# Task goal
Below are some records. Return exactly their lines from the one containing "CADERNO BROCHURAO C.D." through the one containing "EuropeDemic中文字体转换", and drop the pictures.

# Records provided
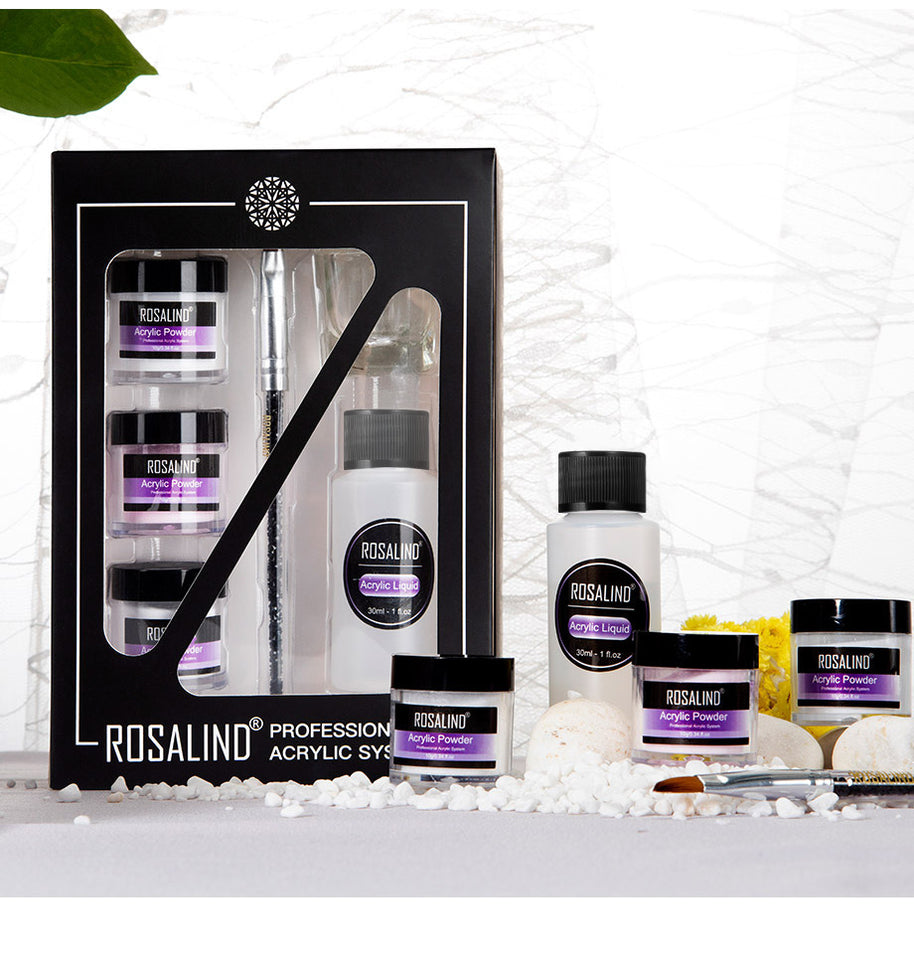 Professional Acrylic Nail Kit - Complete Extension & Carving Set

* * *

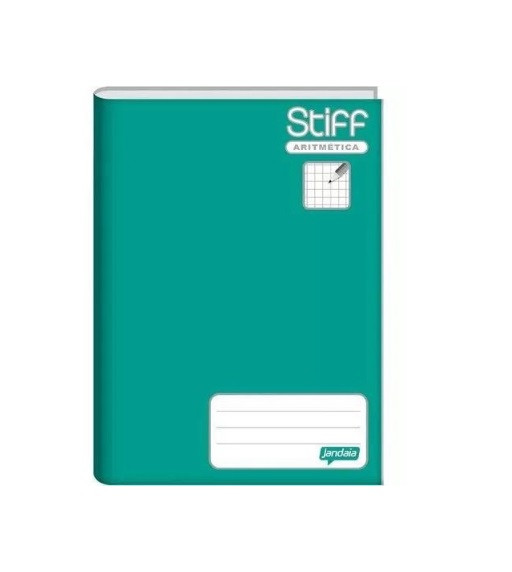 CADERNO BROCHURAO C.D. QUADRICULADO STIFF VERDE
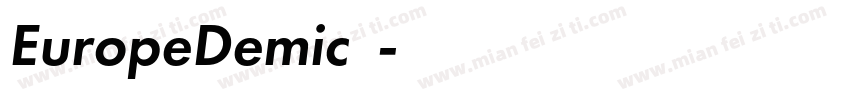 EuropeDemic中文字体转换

# Exercise solution
 CADERNO BROCHURAO C.D. QUADRICULADO STIFF VERDE
 EuropeDemic中文字体转换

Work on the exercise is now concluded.